Baroness Young: I certainly think there are things that we can learn, though obviously the scale of the thing is one we anticipate would be unlikely in the UK.
The likelihood of us having something that would wipe out the entire country is fairly remote.
The biggest risk to the UK is a big east coast storm surge. If it was a sufficiently severe one it would over-top the defences and we could see substantial flooding to about 11km inland in some places.
That is about the biggest equivalent risk that we could face but it is far from being on the sort of scale that we see in New Orleans.
Question: Is our contingency planning robust enough for an event such as that?
Baroness Young: I certainly think that London is well prepared. We have got defences that protect London against a one-in-a-thousand year event - a really extreme event that would overtop the defences and barrier in London I think is a pretty remote possibility.
The general contingency arrangements about what to do if London is hit by some disaster are pretty well rehearsed because of the terrorism threat.
So I think London is pretty well placed both in terms of being pretty well protected and in terms of having a practiced routine for what happens if there is a big public disaster.
I think in other places in the country we have got less well-defended areas, particularly on the coast.
We have recently done an exercise, called Exercise Triton, which looked at what would happen if a one-in-a-thousand year storm surge hit the south and east coasts.
That wasn't just looking at the impact immediately, but also what all the emergency services would do in the first day of the disaster, in the first month handling the issues that came with re-establishing people, and then in the first year trying to get life back to normal and repairing the damage.

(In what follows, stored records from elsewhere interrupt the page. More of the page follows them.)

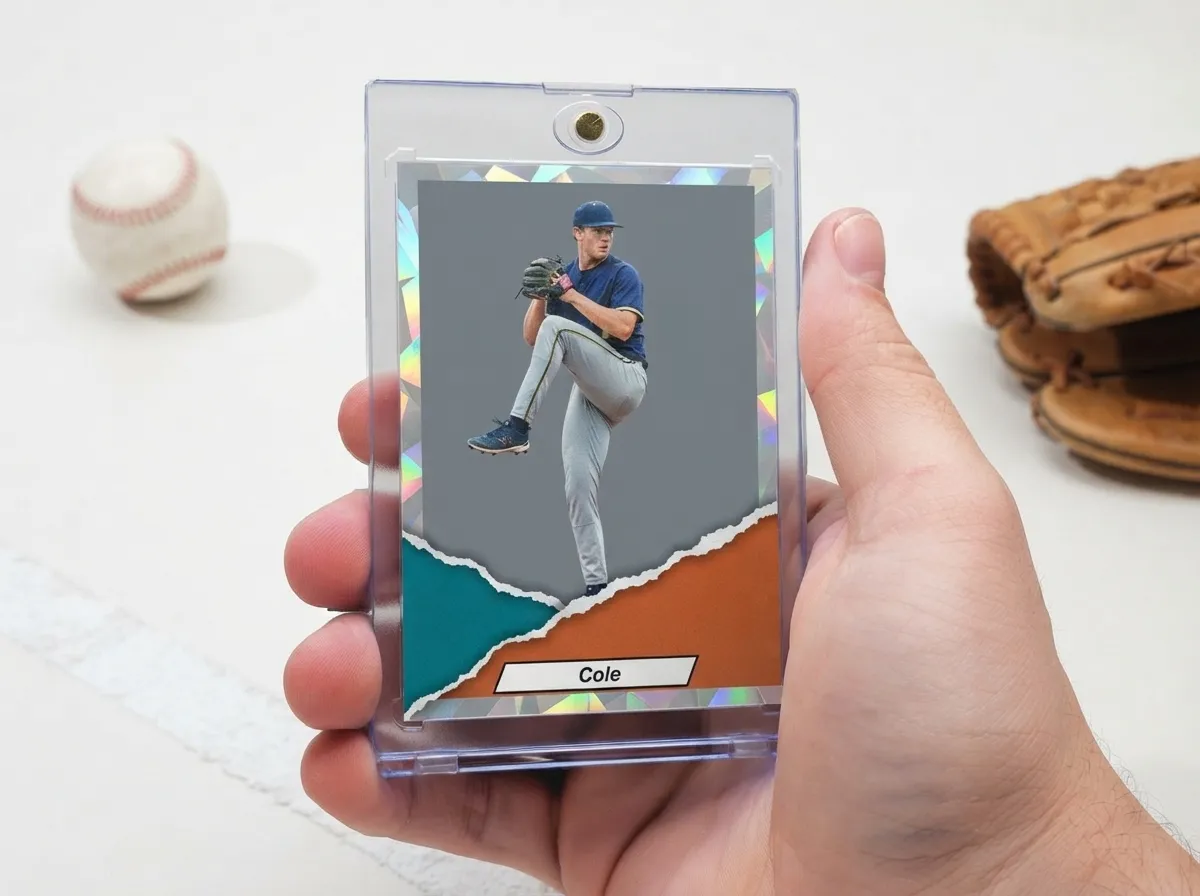 Custom baseball trading card in magnetic case showing chrome diagonal frame and pitcher.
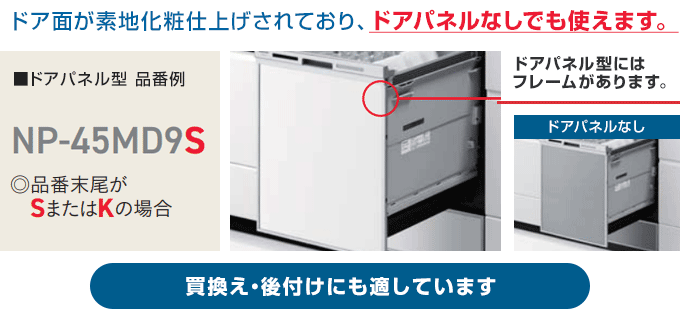パナソニック 食洗機:取替用【ドアパネル型】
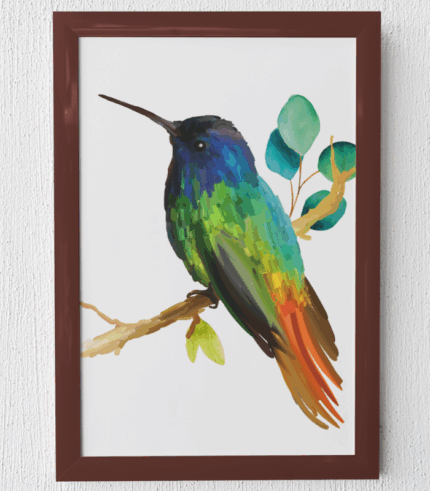 Coastal Kingfisher Bird Multicolor Wall Art Framed Embroidery Print Painting for Wall Decor | Digital Satin Print with Zari & Thread Hand Embroidery | 12x16 inch Acrylic Frame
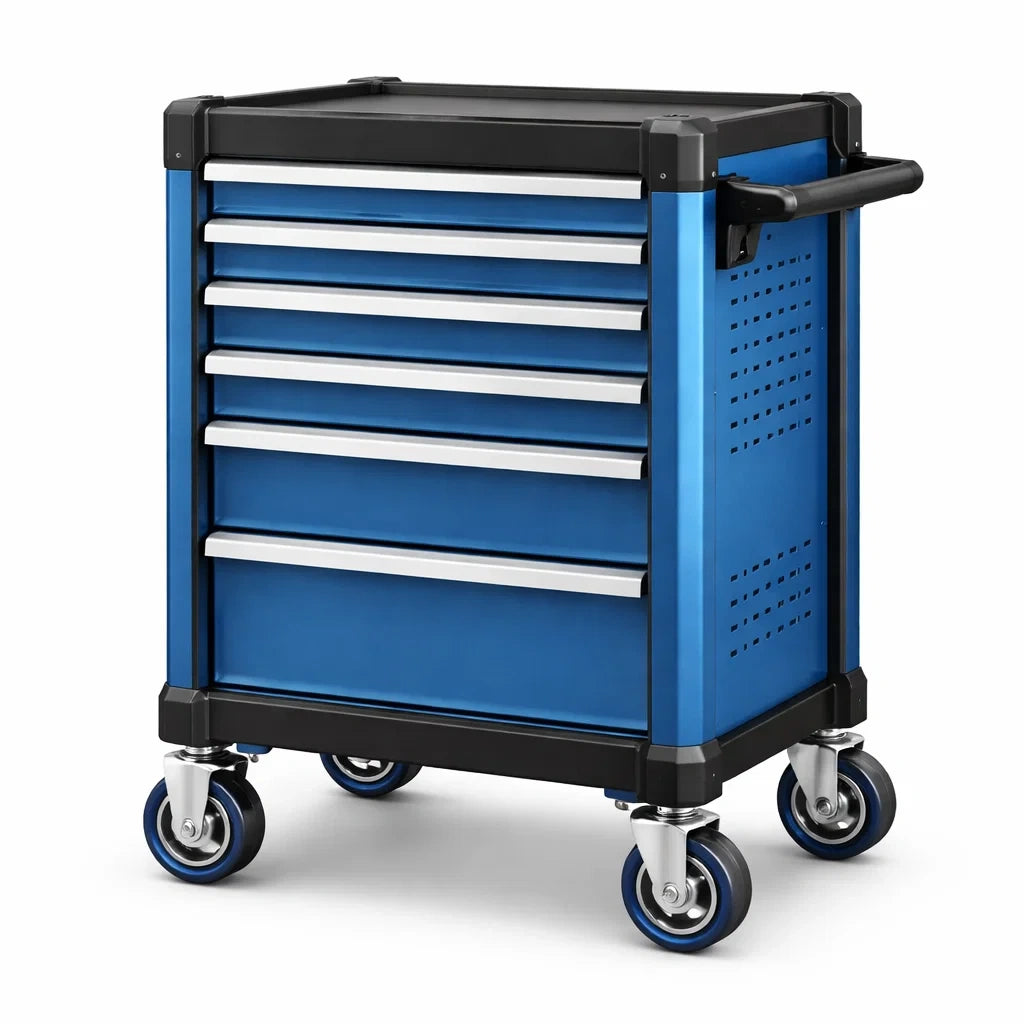 Stahl Werkzeugwagen mit 6 Schubladen Blau 73x38x85cm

We have thought about these issues and practiced it. I don't think there is much more you can do.
But obviously there will be issues from New Orleans that we will want to learn from once they have got to the bottom of why it was so chaotic in the early stages.
Baroness Young on flood risks
Question: There has been a lot of focus on building on flood plains - are we in danger of making the situation worse with some of the developments taking place now?
Baroness Young: I think it is decisions over the last 30 years that have made it worse. Until we had the major floods in 2000 there was comparatively little focus on this as an issue.
There has been substantial development on the flood plain over the last 30 years, so there is no doubt that there are some places that are more at risk than we would like.
But since 2000 there have been stronger requirements in place for local authorities not to grant development in the flood plain against our advice. Although some of them still do it, most local authorities are taking account of flood risk issues.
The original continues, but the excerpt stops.